To stimulate economic growth by encouraging consumer spending, the federal fund rate is lowered to reduce interest rates.
Fiscal policy is something different.
This pertains to tax rates and policies as set by Congress and the U.S. President.
For example, this could include something like tax rebates on retirement policies.
Fiscal policy can also have a significant effect on the economy.
The impact of open market activities on the economy
The Federal Reserve has other ways to stimulate the economy other than those we’ve covered above.
For example, if it chooses to make more lendable money available to banks, interest rates will drop and that sees consumers spend more which in turn means a more active economy.
If they want to curb spending and slow the economy down, the Federal Reserve makes less lendable money available to banks.
Interest rates will drop along with inflation as consumer spending decreases.

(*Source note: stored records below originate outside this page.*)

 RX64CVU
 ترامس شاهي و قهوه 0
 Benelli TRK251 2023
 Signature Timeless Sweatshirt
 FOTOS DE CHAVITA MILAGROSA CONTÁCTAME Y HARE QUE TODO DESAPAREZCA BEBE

Federal Reserve rate control options
Let’s look at the different types of rates the Federal Reserve has at its disposal:
- Prime interest rate: The prime rate is intertwined with the discount rate, something we covered a little earlier. This is the base interest rate at which commercial banks offer loans to consumers. This includes for credit cards and mortgages, for example. If the discount rate moves up or down, the prime rate will follow suit.
- Discount rate: Banks often need to borrow money from the Federal Reserve to ensure they meet their reserve requirements. The interest rate charged on this is called the discount rate. Interest rates generally increase when the discount rate rises and fall when it is lowered.

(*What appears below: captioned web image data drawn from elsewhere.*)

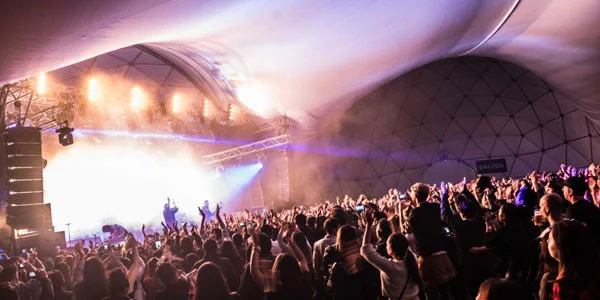 Zoé sigue llevando su gira Aztlán por el mundo y suma shows Sold Out en Perú y Ecuador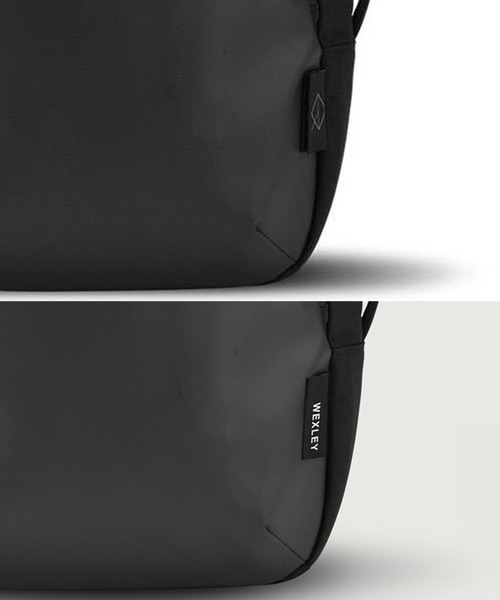 IDEA LABEL デイバック リュック WEXLEY アクティブ パック
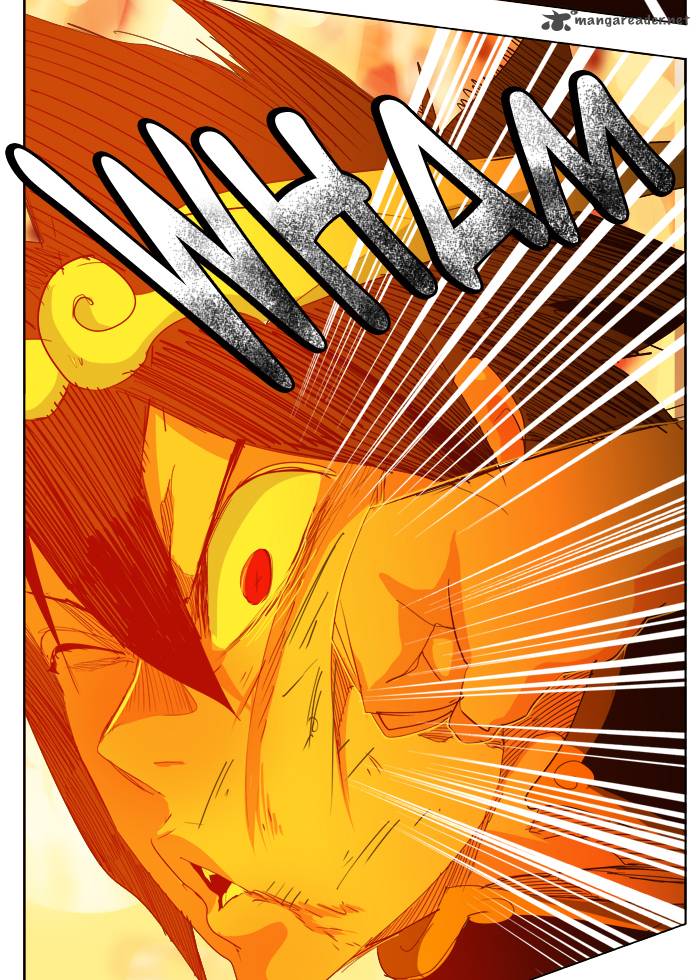 The God of High School - Chapter 291 Page 41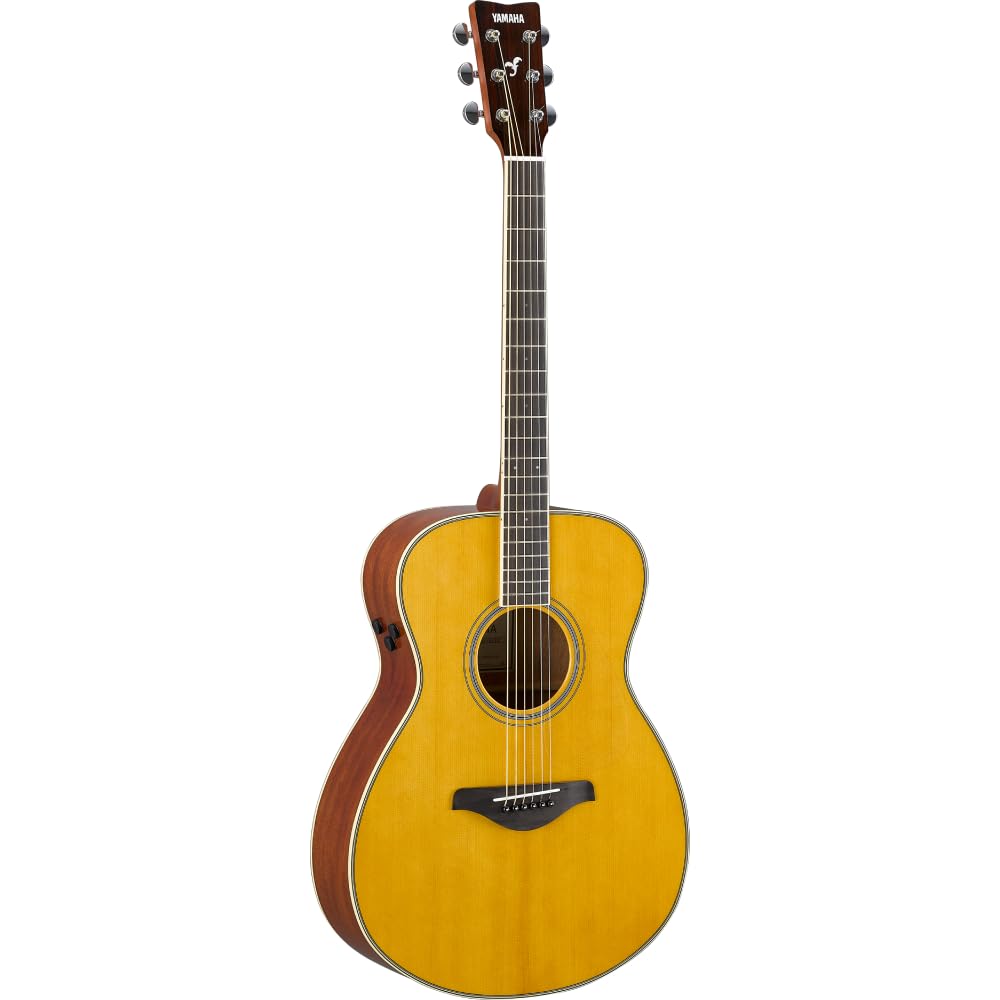 Yamaha FS-TA VT Concert - Vintage (Vintage) - Image 2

- Federal Funds Rate: This is used by the Federal Reserve to help control inflation.
When it comes to business economic factors, we start by looking at different financial statements.
Factors related to business economics
Financial statements and their purpose
In this section, we look at four specific financial statements and the impact they have on business economics.
To get a snapshot of a company’s shareholder equity, assets, or liabilities at a certain point, you must look at the balance sheet from that time.
Using a balance sheet can give investors an idea of just how healthy the finances of a company are.
Income statements provide details into a company’s finances – specifically their revenue and expenses – over an extended period.
Usually, companies keep income statements for each quarter as well as an overall view of a fiscal year.
To determine the net income of the company, simply subtract its expenses from its total revenue.
Cash flow statement
To know more about the cash moving into a company (cash inflow) and that going out (cash outflow) you would look at the cash flow statement.
It’s broken down into three distinct sections: operating activities cash flow, investing activities cash flow, and financing activities cash flow.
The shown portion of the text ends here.